Task statement
All lines from the one bearing "Pawn Side Table (Calacatta)" through the end of the data below must be printed exactly as they stand, with pictures removed.

Data section

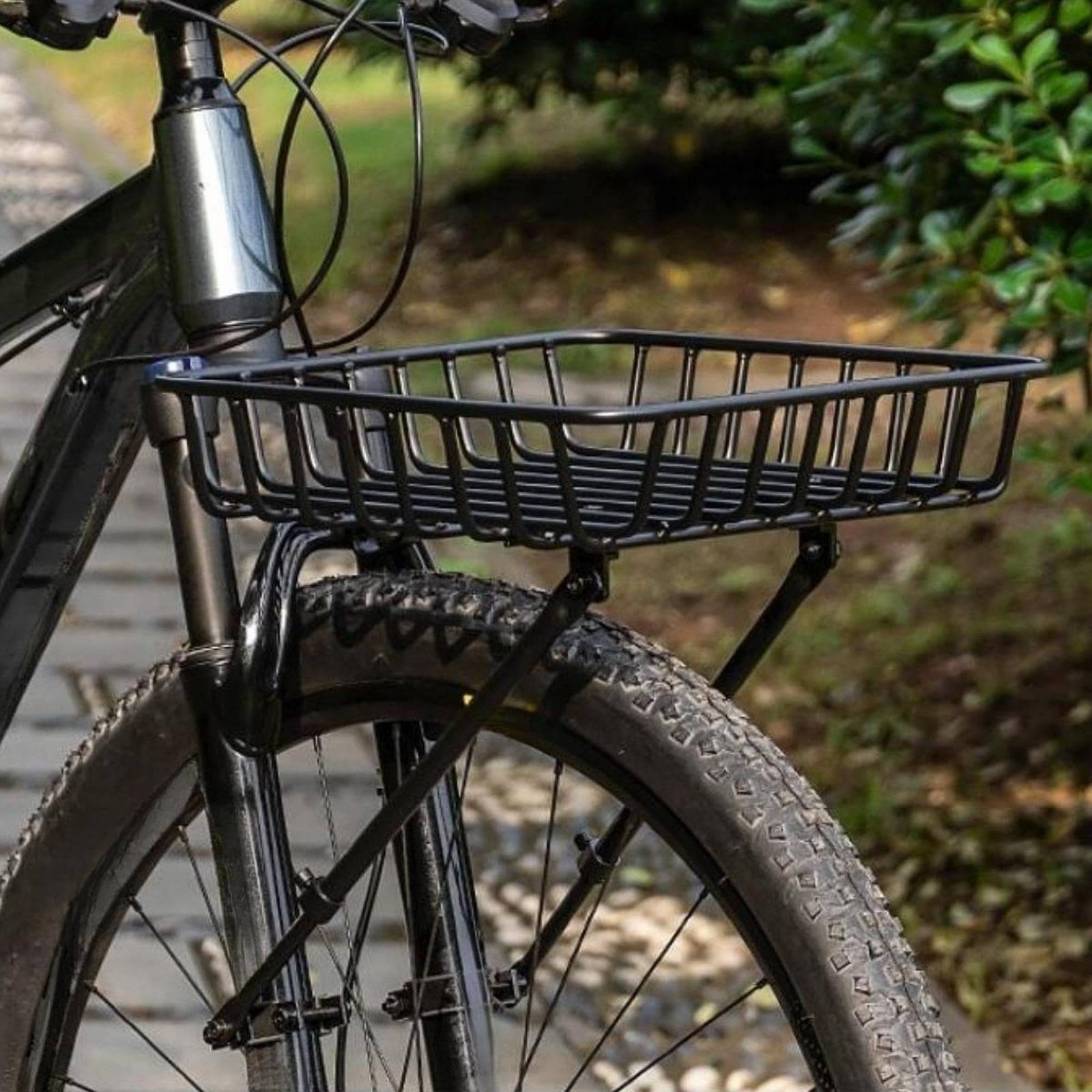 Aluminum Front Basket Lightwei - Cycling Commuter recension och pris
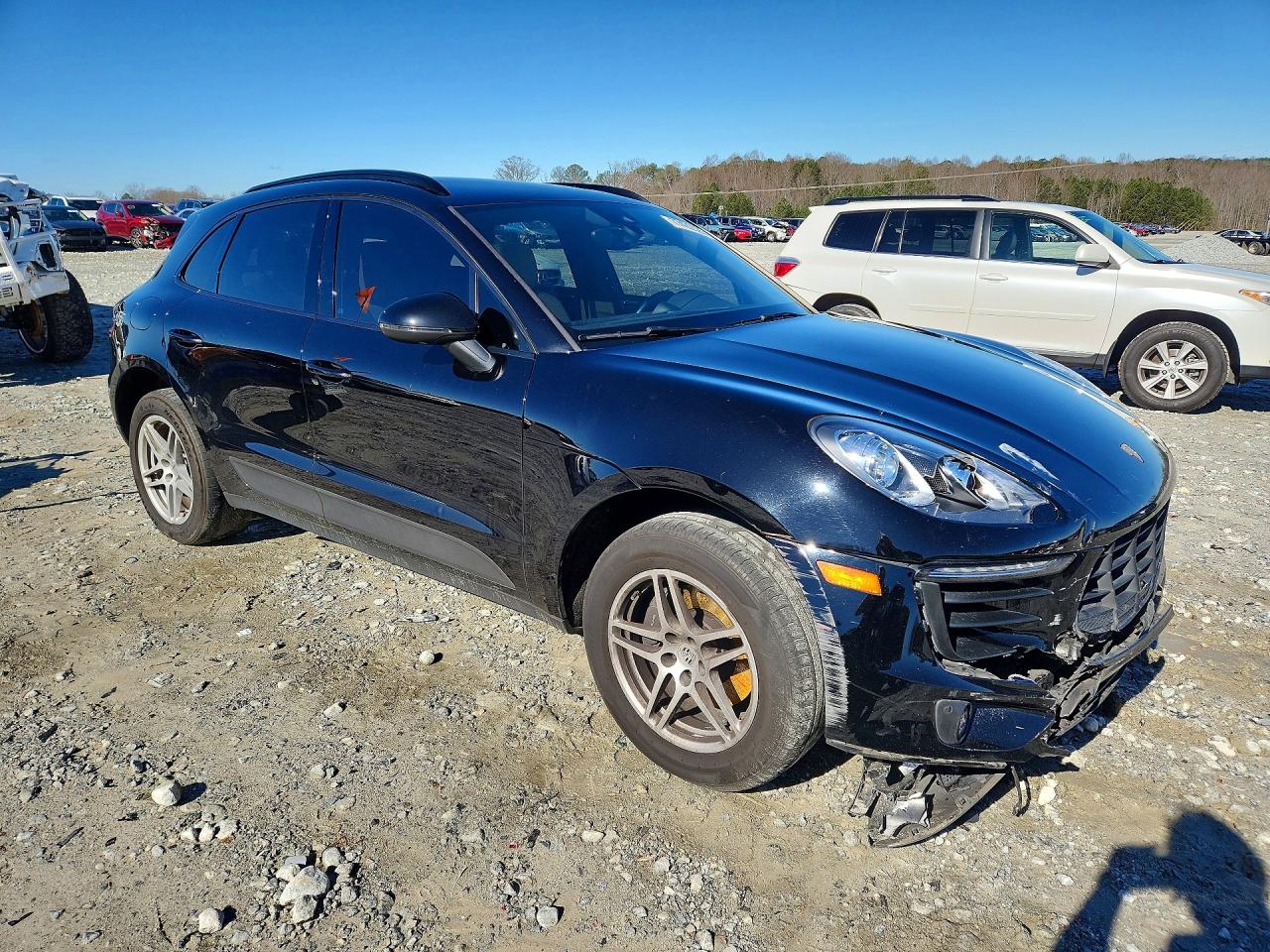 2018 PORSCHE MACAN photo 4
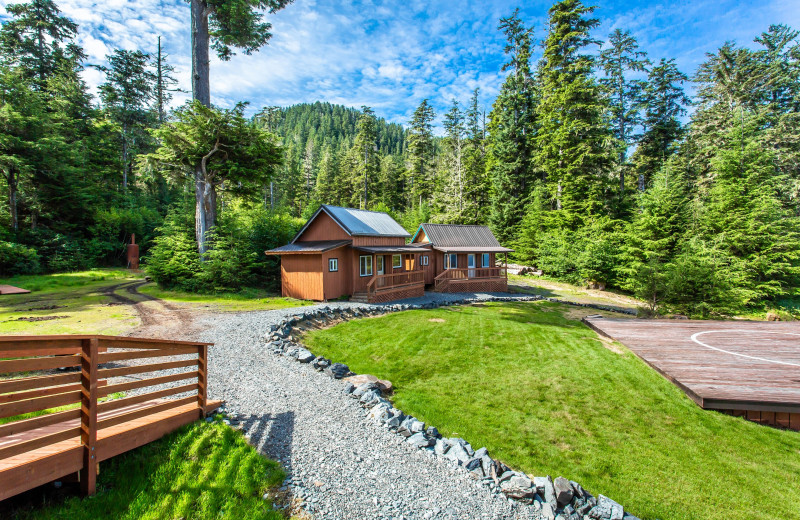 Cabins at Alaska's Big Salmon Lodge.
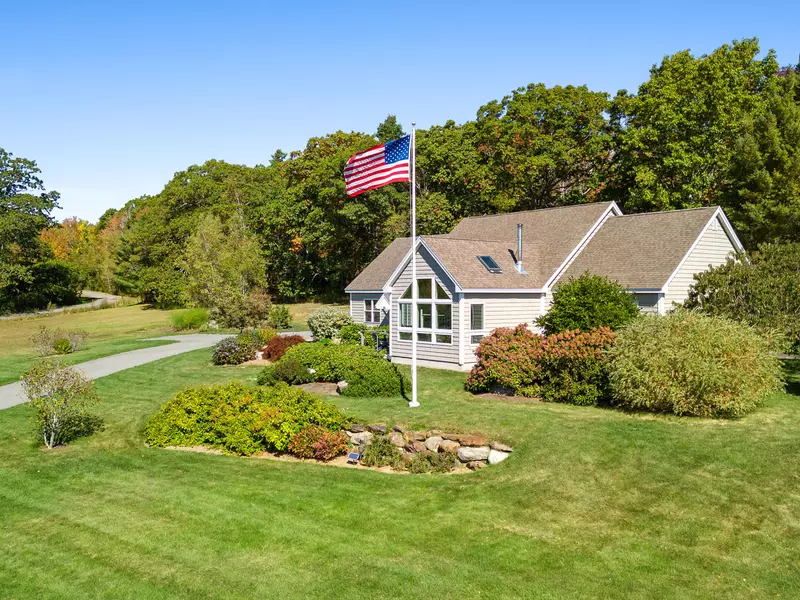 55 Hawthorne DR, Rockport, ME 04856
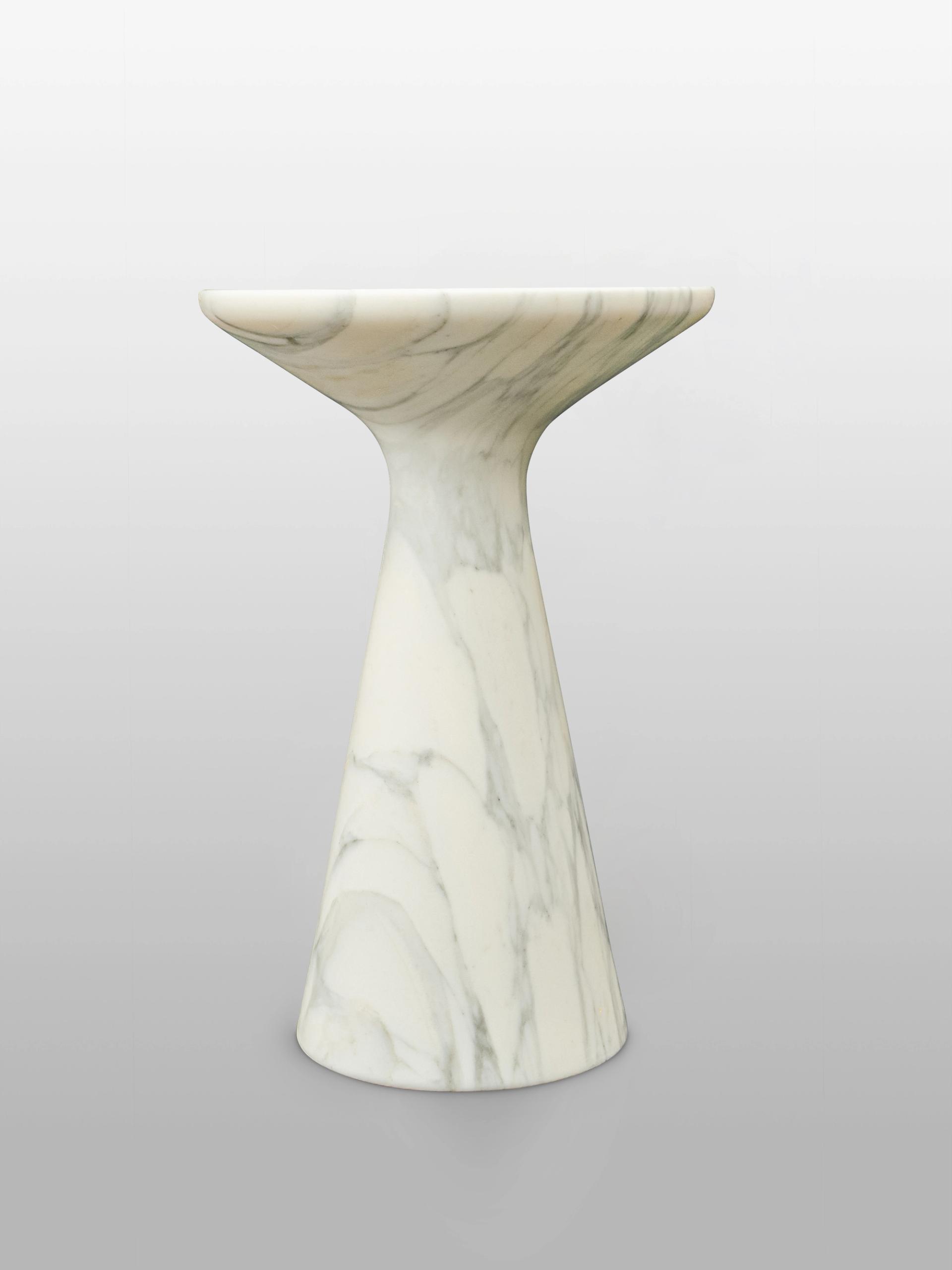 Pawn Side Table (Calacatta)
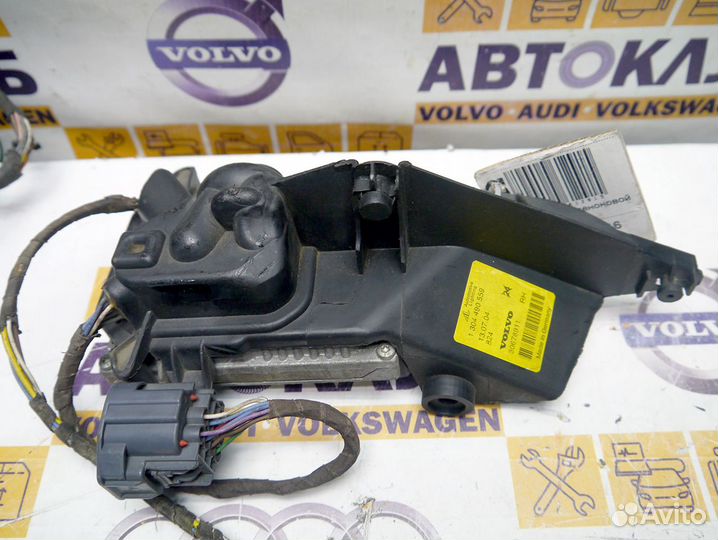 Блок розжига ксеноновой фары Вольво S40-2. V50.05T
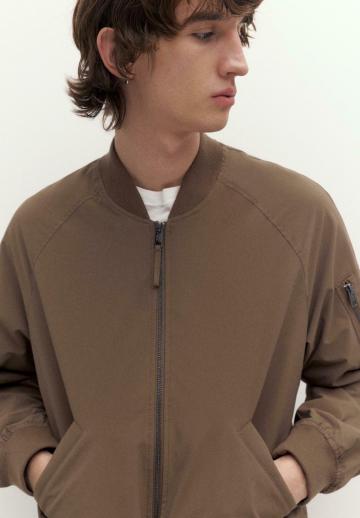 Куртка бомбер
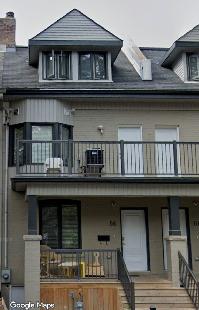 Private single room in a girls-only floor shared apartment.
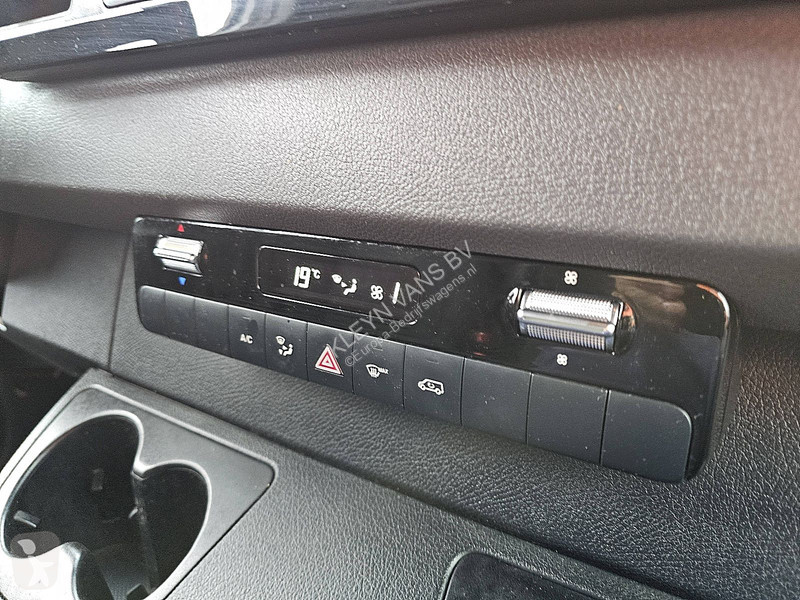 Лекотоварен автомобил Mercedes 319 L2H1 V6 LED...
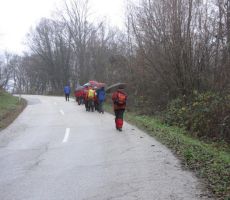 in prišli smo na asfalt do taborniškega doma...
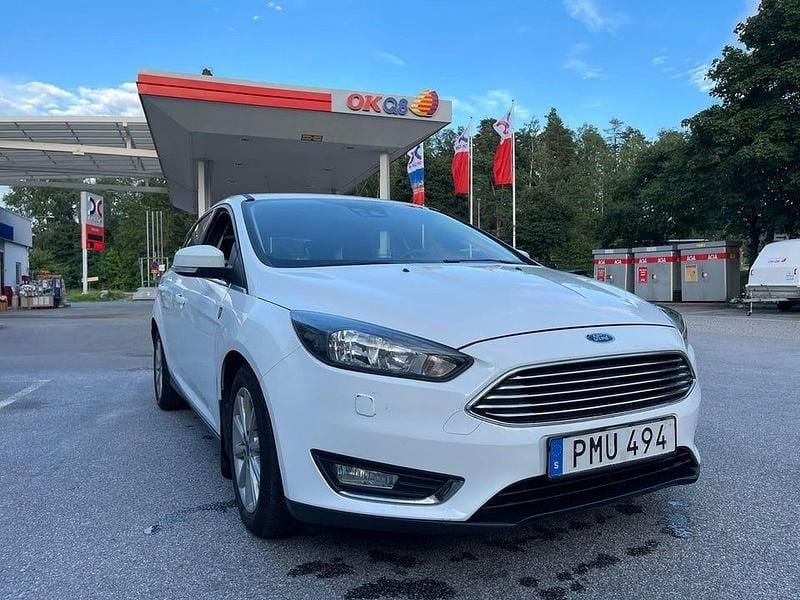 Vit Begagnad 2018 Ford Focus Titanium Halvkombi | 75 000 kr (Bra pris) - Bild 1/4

Answer space
 Pawn Side Table (Calacatta)
 Блок розжига ксеноновой фары Вольво S40-2. V50.05T
 Куртка бомбер
 Private single room in a girls-only floor shared apartment.
 Лекотоварен автомобил Mercedes 319 L2H1 V6 LED...
 in prišli smo na asfalt do taborniškega doma...
 Vit Begagnad 2018 Ford Focus Titanium Halvkombi | 75 000 kr (Bra pris) - Bild 1/4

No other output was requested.